The docstring is the multiline string just after the function definition that contains relevant information about the function for the end user. It can be accessed with the function attribute __doc__.

We can define a function into a function. This is shown in the next example, that computes the body mass index used as an example when we explained conditionals

def bmi_range(weight, height):
    '''
    Body mass index

    Input: 
	weight (kg)
	height (m)
    '''
    def bmi_val(weight, height):
	return weight/height**2
    #
    bmi_value = bmi_val(weight, height)
    #
    if bmi_value < 15:
	bmi_r = "Very severely underweight"
    elif bmi_value < 16:
	bmi_r = "Severely underweight"
    elif bmi_value < 18.5:
	bmi_r = "Underweight"
    elif bmi_value < 25:
	bmi_r = "Normal(healthy weight)"
    elif bmi_value < 30:
	bmi_r = "Overweight"
    elif bmi_value < 35:
	bmi_r = "Obese Class I (Moderately obese)"
    elif bmi_value < 40:
	bmi_r = "Obese Class II (Severely obese)"
    else:
	bmi_r = "Obese Class III (Very severely obese)"
    #
    return bmi_r
## 
bmi_range(70,1.80)

We can also use functions to benchmark loops versus list comprehensions. We define two functions to compute the square value of the first N and benchmark them using the magic function %timeit.

def f_loop(number):
    twice = []
    for num in range(number):
	twice.append(num*2)
    return twice
####
# loop
%timeit f_loop(10000)

# list comprehension
%timeit [num*2 for num in range(10000)]

It should be noticed that the use of range and np.arange is not equivalent. The first provides an iterator while the second array provides the full array, with an extra burden for the system. Notice the difference with

def f_loop_arange(number):
    import numpy as np
    twice = []
    for num in np.arange(number):
	twice.append(num*2)
    return twice
####

%timeit f_loop_arange(10000)

Of course, the vectorized calculation with Numpy is way faster than the previous two

%timeit np.arange(10000)*2

We can define these functions in an external file and read the file from the notebook using the magic function %run.

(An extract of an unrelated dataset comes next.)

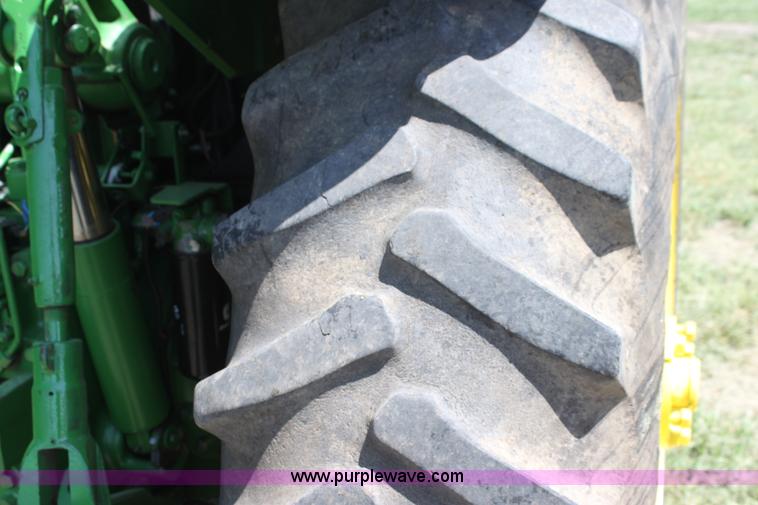 image for item F3327 1999 John Deere 7710 MFWD tractor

In a function there can be multiple arguments as well as multiple return statements (only one of them will be effective in a given invocation). There may also be no explicit return, which makes the function returns None.

Positional and keyword arguments

With regard to arguments, there are two argument types: positional and keyword arguments. Both can be found in the following example where we define a function that computes the saturation vapor pressure of water vapor over liquid water or ice for a given temperature.

def Magnus(Temp, ice = False):
    '''Function to to compute the saturation vapor pressure E(T) in hPa units 
    for water vapor on liquid water or ice according to Magnus formula. 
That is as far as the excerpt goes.